17. Sri Ashok Kumar Singh, learned A.G.A-I for the State opposed the argument advanced by learned Counsel for the applicant and submitted that the summoning order dated 13.01.2022 is rightly passed and no interference by this Court is required in the instant matter.
18. After considering the argument advanced by learned counsel for the applicant and learned A.G.A. for the State, this Court finds that a first information report dated 23.07.2019 was lodged by opposite party no.2 against the applicant and his family members under section 494 I.P.C., alleging bigamy. However, it is pertinent to note that under Section 198 Cr.P.C., the offense of bigamy under section 494 I.P.C. can only be prosecuted based on a complaint made by the aggrieved person, not through a first information report.
The provision of Section 494 I.P.C. is being quoted as under:
"Section - 494 I.P.C. Marrying again during lifetime of husband or wife.- Whoever, having a husband or wife living, marries in any case in which such marriage is void by reason of its taking place during the life of such husband or wife, shall be punished with imprisonment of either description for a term which may extend to seven years, and shall also be liable to fine."
The offence under section 494 I.P.C. is mentioned under chapter XX of Indian Penal Code and offence punishable under Chapter XX of I.P.C. shall be taken cognizance by the court only on the basis of complaint made by some person aggrieved by offence, as provided under Section 198 Cr.

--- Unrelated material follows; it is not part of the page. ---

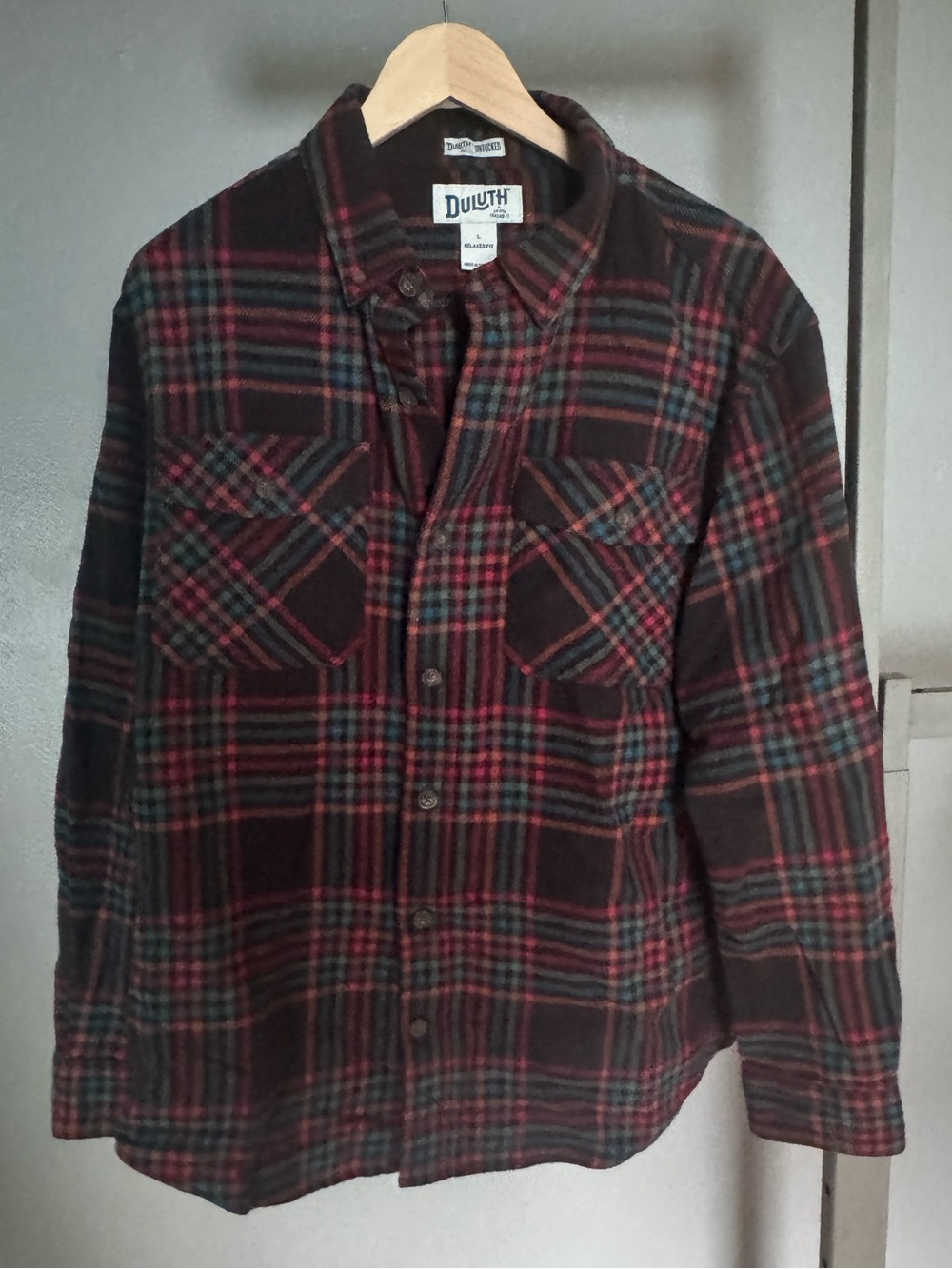 Duluth Trading Co Untucked Black With Plaid Button-Down Flannel Shirt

P.C. which is quoted as under.:-
"198. Prosecution for offences against marriage.
(1) No Court shall take cognizance of an offence punishable under Chapter XX of the Indian Penal Code (45 of 1860) except upon a complaint made by some person aggrieved by the offence:
Provided that-
a) Where such person is under the age of eighteen years or is an idiot or a lunatic, or is from sickness or infirmity unable to make a complaint, or is a woman who, according to the local customs and manners, ought not to be compelled to appear in public, some other person may, with the leave of the Court, make a complaint on his or her behalf;
(b) where such person is the husband and he is serving in any of the Armed Forces of the Union under conditions which are certified by his Commanding Officer as precluding him from obtaining leave of absence to enable him to make a complaint in person, some other person authorized by the husband in accordance with the provisions of sub- section (4) may make a complaint on his behalf;
(c) where the person aggrieved by an offence punishable under (Section 494 or Section 495) of the Indian Penal Code (45 of 1860) is the wife, complaint may be made on her behalf by her father, mother, brother, sister, son or daughter or by her father' s or mother's brother or sister, or, with the leave of the Court, by any other person related to her by blood, marriage or adoption."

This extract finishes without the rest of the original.